Filling in at the Preschool

59186_1594999721449_1429631148_31581544_4075641_nWell, poetry month is over but I’m still smitten with this form, of course. How’s that for a sentence with too many words? I can’t resist fitting words into a poetry format and sharing them with you. Instead of a rambling essay today, I’ve read some Faith Shearin for inspiration and written this. Since February or so I’ve been working at the preschool at my children’s school every Tuesday. I’ve grown to look forward to those three hours, to see how different the  preschoolers are every week, who’s wearing Frozen clothes and what’s for snack. The weirdest part though, is the fact that I thought I’d never work in a preschool again. This is all very weird to me. Here’s why:

 

Never Say Never

I vowed to never be a preschool teacher again

during the summer those three-year-old kids wore me down

within week one at what was clearly their school, not mine.

 

The dislike of that job and those preschoolers

propelled me across the country, a move

that saw me falling into the arms of a man now my husband.

 

I never pictured children yet then I did, finding

my kids at age 3, 4, and 5 to be years that left me

wondering who was in charge, me or the little tyrants?

 

I saw those moms of older kids substitute teaching at preschool

oh goodness, I thought, I’ll never do that. No money there

and preschoolers, good God, isn’t having had your own enough?

 

Yet I’m bad at saying no. I find myself a mom of a tween

and a teen, sitting in a tiny plastic chair

cutting out construction paper hearts with short people

 

and loving it. Three hours once a week

inside the brains of kids who exclaim over the number

1,000 and shriek and cry when they don’t get their way.

 

I think, how fabulous to know yourself so well, to tell us

Something’s Wrong! so loudly and with such force.

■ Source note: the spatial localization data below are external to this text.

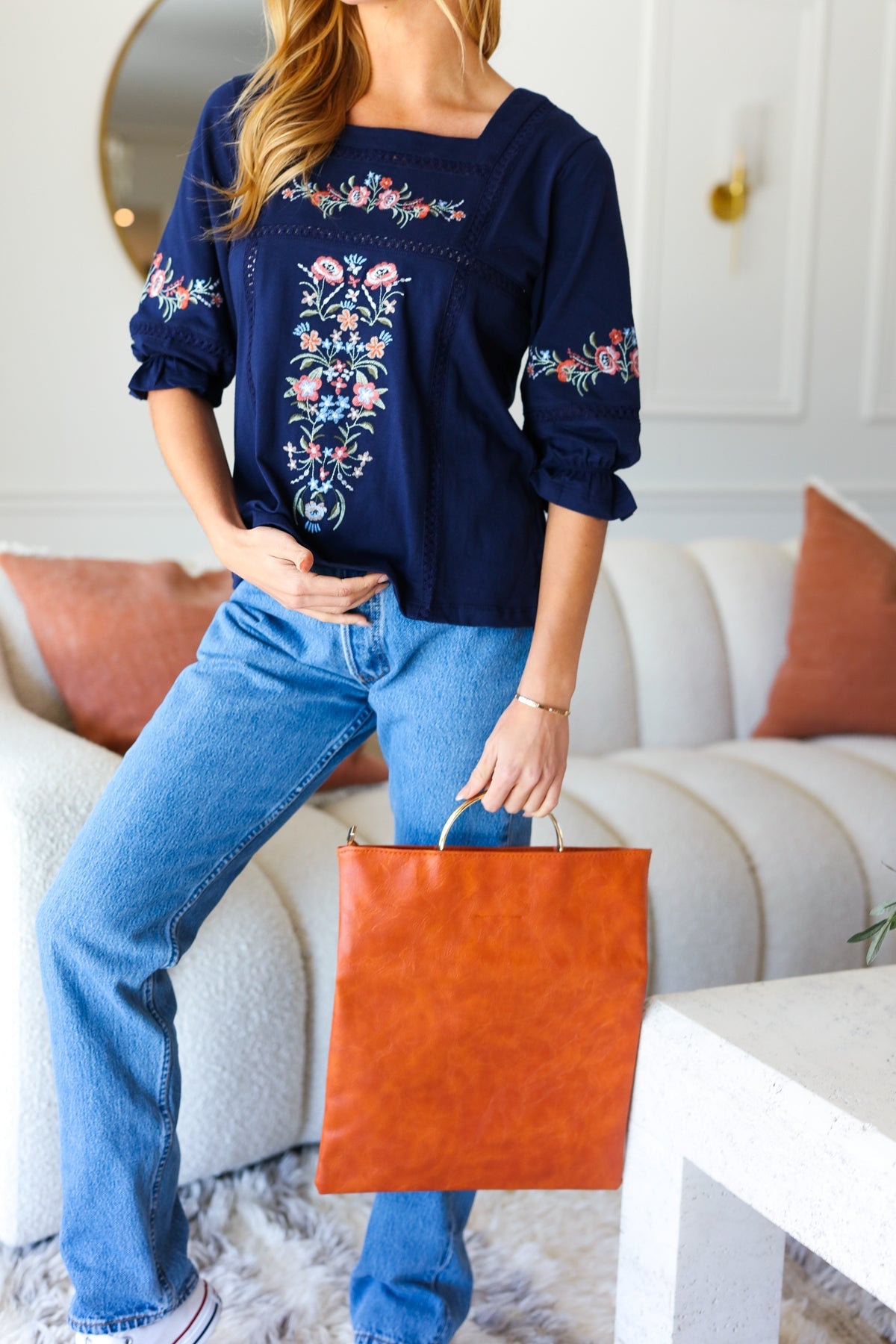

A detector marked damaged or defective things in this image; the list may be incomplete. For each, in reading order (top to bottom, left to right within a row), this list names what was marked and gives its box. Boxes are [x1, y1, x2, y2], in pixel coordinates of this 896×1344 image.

rust terracotta throw pillow [0, 551, 389, 785]
rust terracotta throw pillow [752, 481, 896, 741]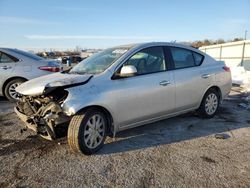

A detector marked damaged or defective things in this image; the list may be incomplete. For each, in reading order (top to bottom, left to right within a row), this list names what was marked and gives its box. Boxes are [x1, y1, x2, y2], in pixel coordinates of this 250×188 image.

damaged front end [14, 88, 70, 140]
hood damage [14, 73, 93, 140]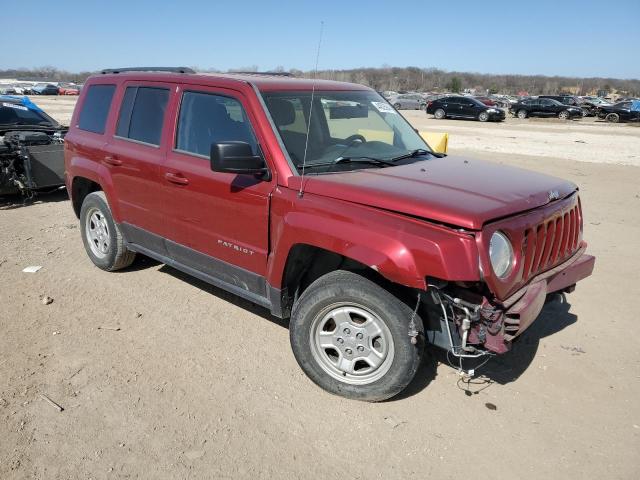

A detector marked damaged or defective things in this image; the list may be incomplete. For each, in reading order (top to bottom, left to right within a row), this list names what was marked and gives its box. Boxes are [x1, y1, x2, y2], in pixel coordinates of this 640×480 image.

cracked headlight housing [490, 232, 516, 280]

When I do that I’m deemed crazy, a child, the one

 

who needs help. God, I love helping you

the child in the better choices chair

the one who misses his dad or woke

 

up on the wrong side of the bed. You are easier than

my preschoolers were, no red string tying you to me.

I’m Mrs. Alton and you play rhyming games with my name while

 

asking me to cut out more paper hearts

then I glue them together, hand them out like

the diamonds they are, reveling at my change of course.